## Task directions
Return the material below exactly, but only from the line with "طقم لحاف مجوز 4 قطع أزرق - Vienna" through the line with "Boxer ouvert pour", and without its pictures.

## The data
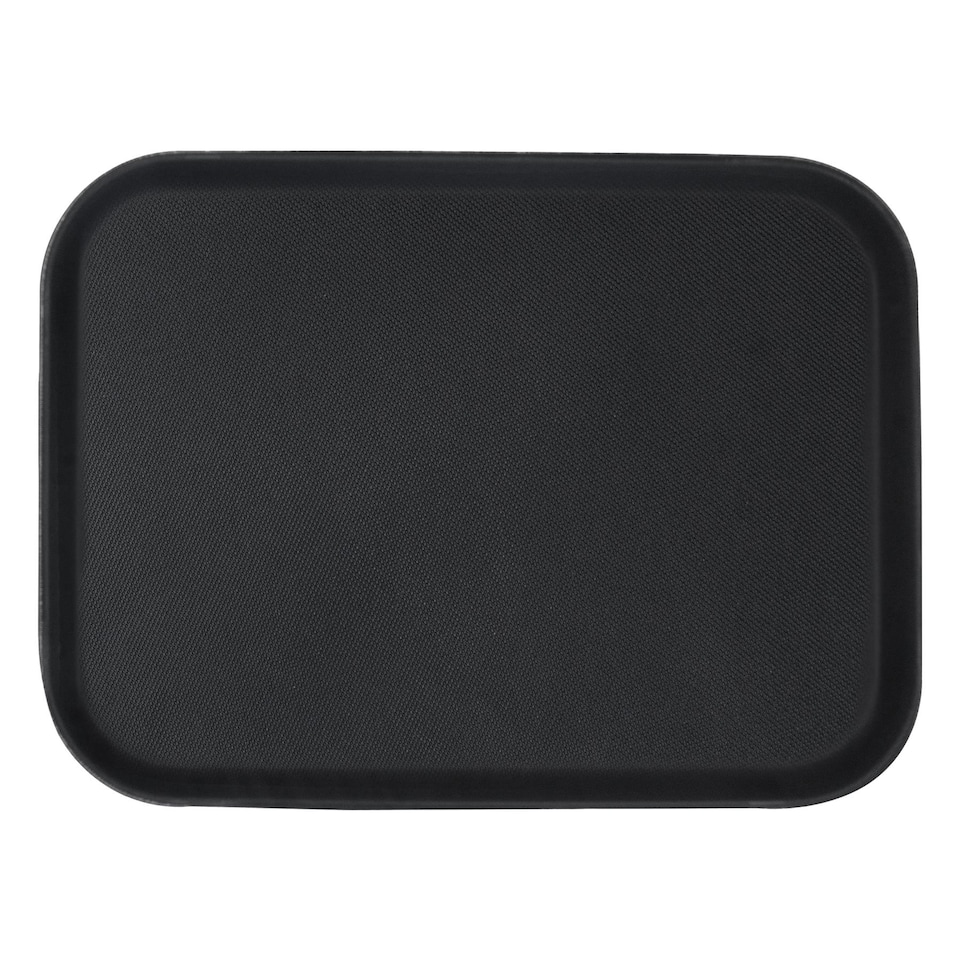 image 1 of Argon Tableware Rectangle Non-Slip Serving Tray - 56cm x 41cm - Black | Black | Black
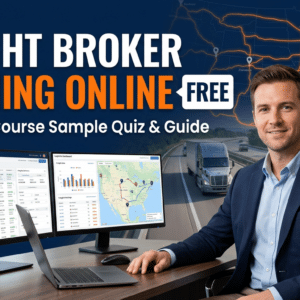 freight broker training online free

...

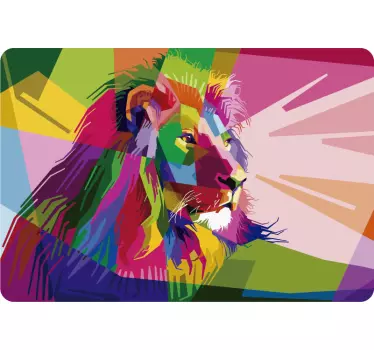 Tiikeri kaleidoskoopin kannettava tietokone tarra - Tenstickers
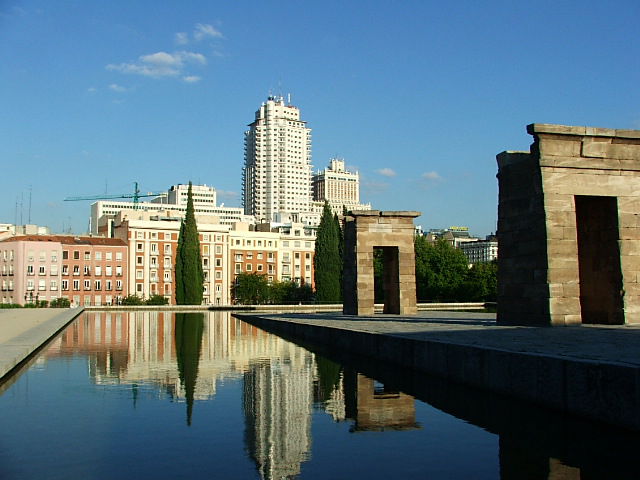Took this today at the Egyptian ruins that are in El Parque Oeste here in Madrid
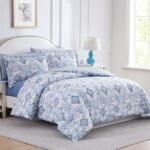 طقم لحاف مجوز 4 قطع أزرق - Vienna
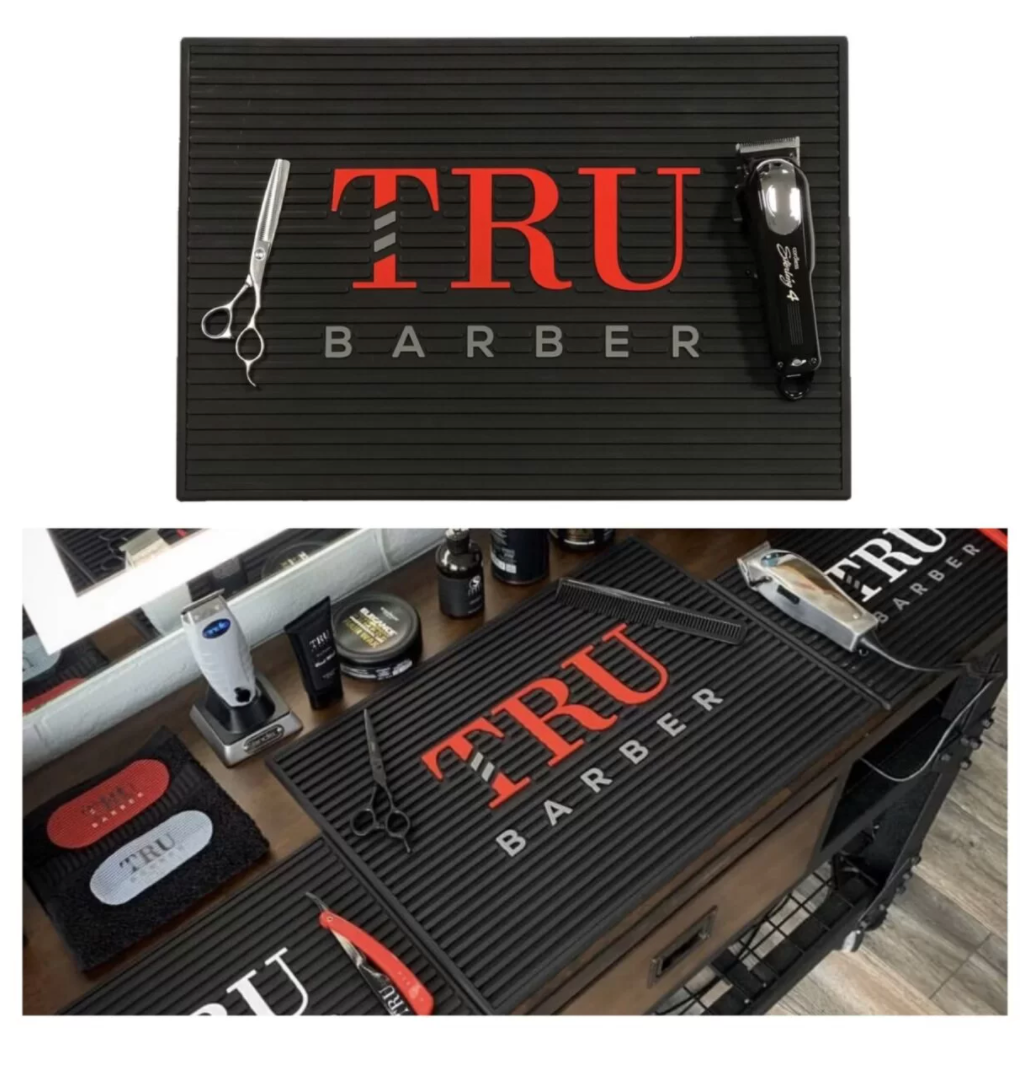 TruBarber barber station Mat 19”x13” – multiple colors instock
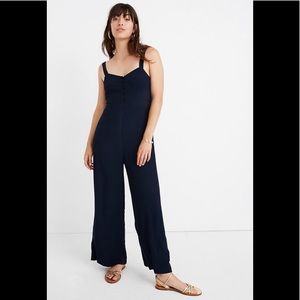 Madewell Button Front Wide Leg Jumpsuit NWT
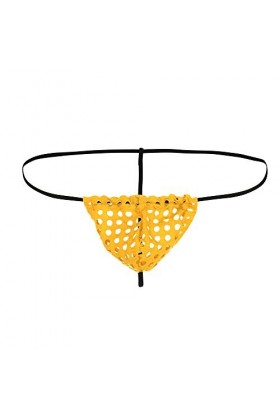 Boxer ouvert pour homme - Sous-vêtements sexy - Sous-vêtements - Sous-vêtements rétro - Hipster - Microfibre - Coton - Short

## Output for this exercise
 طقم لحاف مجوز 4 قطع أزرق - Vienna
 TruBarber barber station Mat 19”x13” – multiple colors instock
 Madewell Button Front Wide Leg Jumpsuit NWT
 Boxer ouvert pour homme - Sous-vêtements sexy - Sous-vêtements - Sous-vêtements rétro - Hipster - Microfibre - Coton - Short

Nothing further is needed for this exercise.